Solving Incline Forces: Acceleration, Tension, and Speed Calculations

[Valerie]

I need your help on these guys!

1) Two objects are connected by a light string that passes over a frictionless pulley. If the incline is frictionless and m1=2.00 kg, m2=6.00kg and theta=55.0 degrees, a)find the acceleration of the objects. b)the tension in the string and c) the speed of each object at 2.00 s after being released from rest. (note: both of the objects are over a pulley, on an incline.

2)Two blocks of mass 3.50kg and 8.00kg are connected by a massless string passing over a frictionless pulley. The inclines are frictionless. Find a) the magnitude of acceleration of each block and b)the tension in the string. (theta for each side=35 degrees)

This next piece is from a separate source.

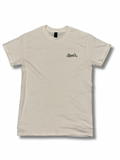 Logo Tee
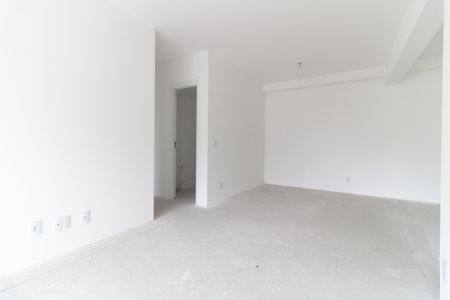Apartamento à venda com 95m², 3 quartos e 1 vaga Apartamento à venda com 95m², 3 quartos e 1 vagaSala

I would appreciate if someone could explain them to me please. Thank you!

 

[HallsofIvy]

" both of the objects are over a pulley, on an incline." Does that mean both objects are sitting on the same incline or is one on the incline and the other hanging? Where is the pulley in relation to the incline- and where is angle theta?

 

[M98Ranger]

1) To solve for the acceleration in this scenario, we can use Newton's second law: F=ma. We will need to consider the forces acting on each object separately. For m1, there is only one force acting on it, which is the tension in the string pulling it down the incline. This force can be calculated using the formula F=mg*sin(theta), where g is the acceleration due to gravity (9.8 m/s^2) and theta is the angle of the incline. So for m1, the force is F=2.00*9.8*sin(55)=16.85 N. We can then plug this into the formula F=ma to solve for the acceleration of m1: a=F/m=16.85/2.00=8.43 m/s^2.

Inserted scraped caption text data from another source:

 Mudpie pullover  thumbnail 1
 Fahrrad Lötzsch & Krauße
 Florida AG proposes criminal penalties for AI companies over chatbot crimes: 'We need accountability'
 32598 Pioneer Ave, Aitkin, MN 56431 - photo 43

For m2, there are two forces acting on it: the tension in the string pulling it up the incline, and its weight pulling it down. We can use the same formula as above to calculate the tension in the string, which is F=6.00*9.8*sin(55)=50.55 N. The weight of m2 is F=6.00*9.8*cos(55)=30.17 N. To find the net force on m2, we can subtract the weight from the tension: 50.55-30.17=20.38 N. Plugging this into F=ma, we get a=20.38/6.00=3.40 m/s^2.

To find the speed of each object at 2.00 s, we can use the formula v=u+at, where u is the initial velocity (which is 0 since they start at rest), a is the acceleration we just calculated, and t is the time (2.00 s). For m1: v=0+8.43*2.00=16.86 m/s. For m2: v=0+3.40*2.00=6.80 m/s.

2) In this scenario, we can use the same approach as above to solve for the acceleration and tension. For the 3.50 kg block, the only force acting on it is the tension in the string pulling it down the incline. This can be calculated using the formula F=mg*sin(theta), where g is the acceleration due to gravity (9.